Charitable Bequests
Provide special and significant support for charity.
Stewards who have lived well, care about ending well. Having exercised a lifetime of stewardship, you naturally and rightly care about what happens to your financial resources. Creating a Bequest Plan with Anabaptist Foundation can be one additional avenue of passing your values on to your heirs while helping to build the Kingdom.
Advantages of a Bequest Plan:
- Provide special and significant support for charity
- Reemphasize your stewardship values to your heirs
- Simplify your estate
- Support multiple charities with one bequest
- Ability to revise your gift decisions without changing your will
- Reduce estate and inheritance taxes
How does a Bequest plan work?
When considering their will, most people are concerned about dividing their assets among their family to meet needs and make gifts. This is an appropriate use of your resources. We would like to suggest that there are situations where the resources to be divided exceed your responsibilities to your heirs. When this is true, you should consider including your church, local Christian school, or special charities as a part of your estate planning.
Working with your own lawyer, you indicate in your will that a portion of your assets should be left as a charitable bequest to Anabaptist Foundation.

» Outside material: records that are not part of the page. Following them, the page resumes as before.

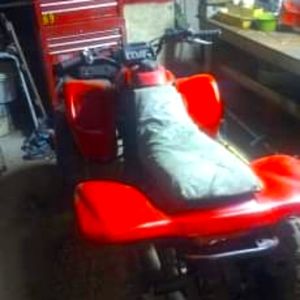 Honda 250 sportstrax 2004 model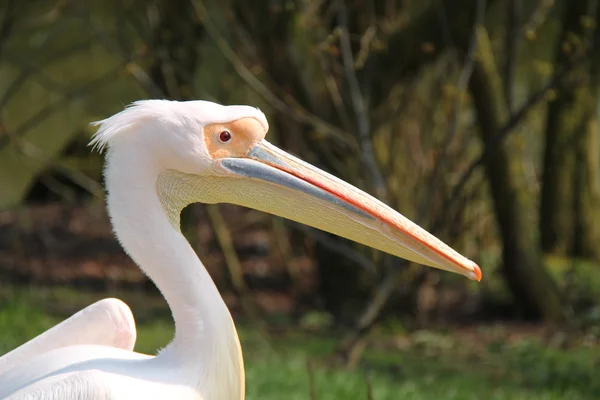 Oiseau pélican blanc . — Photo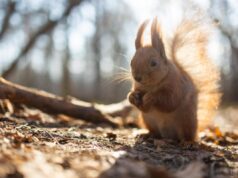Тепло наростає: у середині тижня Україну розігріє до +17° Тепло-наростає:-у-середині-тижня-Україну-розігріє-до-+17°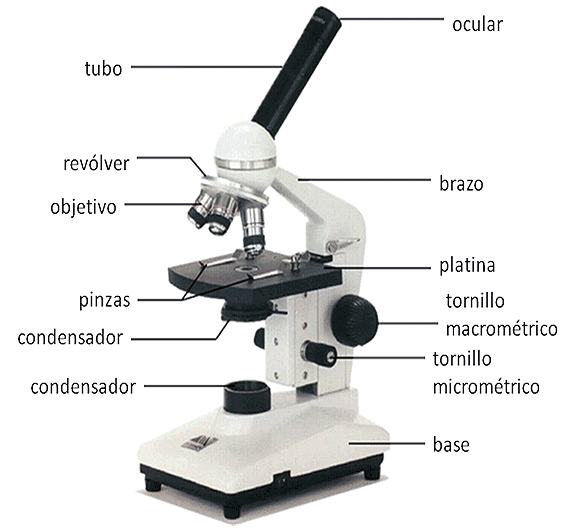 Quagga sábado celestial Microscopía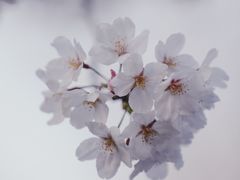 -高东镇樱花园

Then, working with Anabaptist Foundation, you create a Bequest Plan that recommends which charities you would like to support with your bequest.

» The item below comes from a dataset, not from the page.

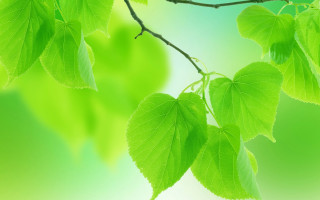 Green branch leaves butterfly gradient - soft free wallpaper for desktop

When your estate is settled after your death, your executor will simply make one charitable bequest to Anabaptist Foundation. Following the Bequest Plan, the Foundation then oversees the distribution of these assets to approved charities you have recommended.
How do I decide what to give?
The first step is to decide what share of your assets you wish to designate for charity. It is better to use percentages or shares rather than a dollar amount, since the size of your estate is likely to change between now and when it is settled. Options include giving a fixed percentage (like a 10% tithe on the estate) or giving all that remains after specific bequests to your family are met.
After you have reached this decision, Anabaptist Foundation will help you create your Bequest Plan which lists the churches, schools, or other charities you wish to support, and the percent of the bequest intended for each. You can modify this Bequest Plan at any time by contacting the Foundation, without going to the expense of changing your will.
What should my will say?
Your lawyer will help you, but your charitable bequest may be worded like one of the following examples:
“I give, devise, and bequeath to the Anabaptist Foundation, Inc., a not-for-profit corporation organized under the laws of the Commonwealth of Pennsylvania, with headquarters at 31285 State Hwy. 27, Guys Mills, PA, ____% of my estate (or name of a particular property) for its general purposes.”
Or, if you have specific bequests or shares designated for family members, the charitable bequest may say:
“All the rest, residue, and remainder of my estate, both real and personal, wherever situated, I give, devise, and bequeath to the Anabaptist Foundation, Inc., a not-for-profit corporation organized under the laws of the Commonwealth of Pennsylvania, with headquarters at 31285 State Hwy. 27, Guys Mills, PA, for its general purposes.”
A few questions to consider:
- While it is appropriate to meet the needs of and make gifts to my family, what is the balance between meeting those needs and allowing family members to learn their own life lessons regarding work and stewardship? Are there situations where too much inheritance could weaken personal accountability or trust in God for the future?
- Although I’ve given throughout my life as I was able, is there a more significant contribution I’d like to make for a certain charity? Would a bequest gift be a special opportunity to make a larger gift?
- Would creation of a Family Endowment Fund at Anabaptist Foundation be a way to involve and unify both my children and grandchildren in giving and in making decisions regarding the assets I’ll leave behind at death?